[Prompt]: Below are entries. Reproduce exactly the lines between the line holding "KARCHER - Tuyau" and the line holding "Запеченный с лососем в Sushki", inclusive, and only those.

[Records for the task]:
=====
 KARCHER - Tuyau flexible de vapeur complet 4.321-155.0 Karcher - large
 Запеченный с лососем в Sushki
=====
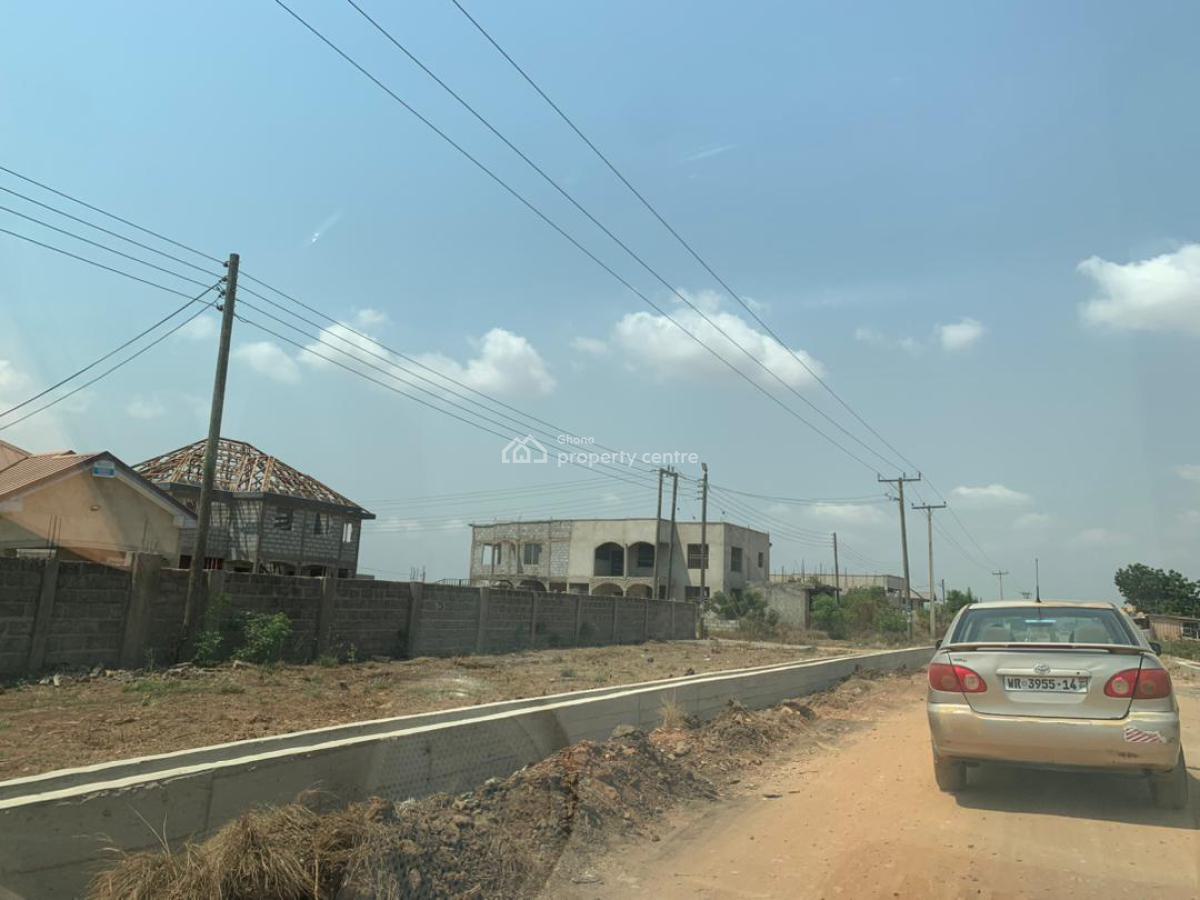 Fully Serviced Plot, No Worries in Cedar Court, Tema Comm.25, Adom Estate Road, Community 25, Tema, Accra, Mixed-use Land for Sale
=====
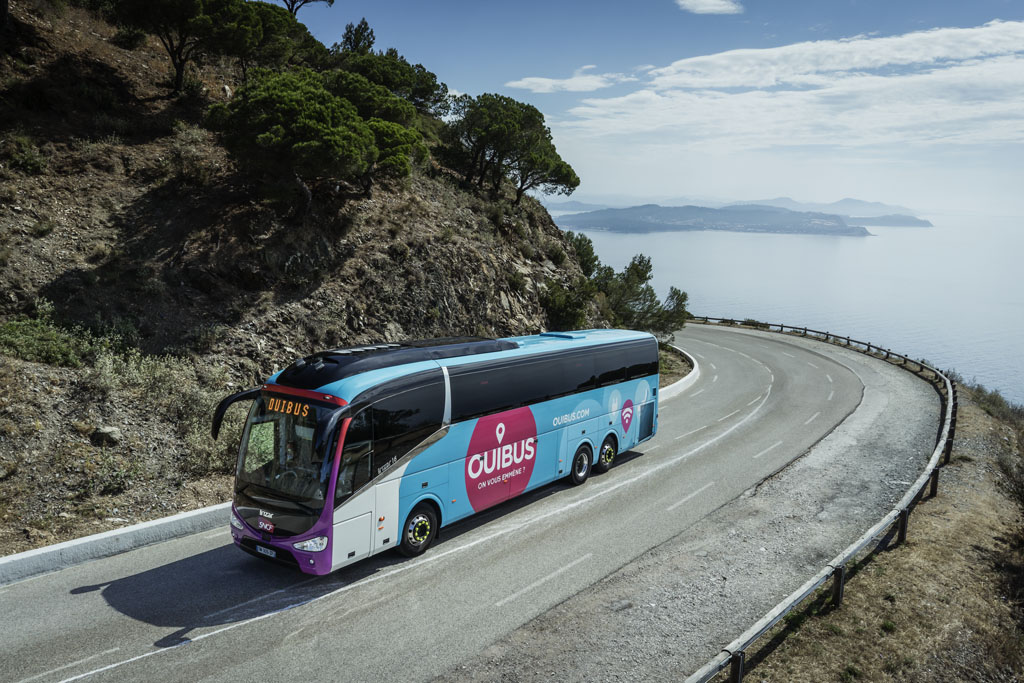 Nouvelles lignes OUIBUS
=====
[Output for this exercise]:
 KARCHER - Tuyau flexible de vapeur complet 4.321-155.0 Karcher - large
 Запеченный с лососем в Sushki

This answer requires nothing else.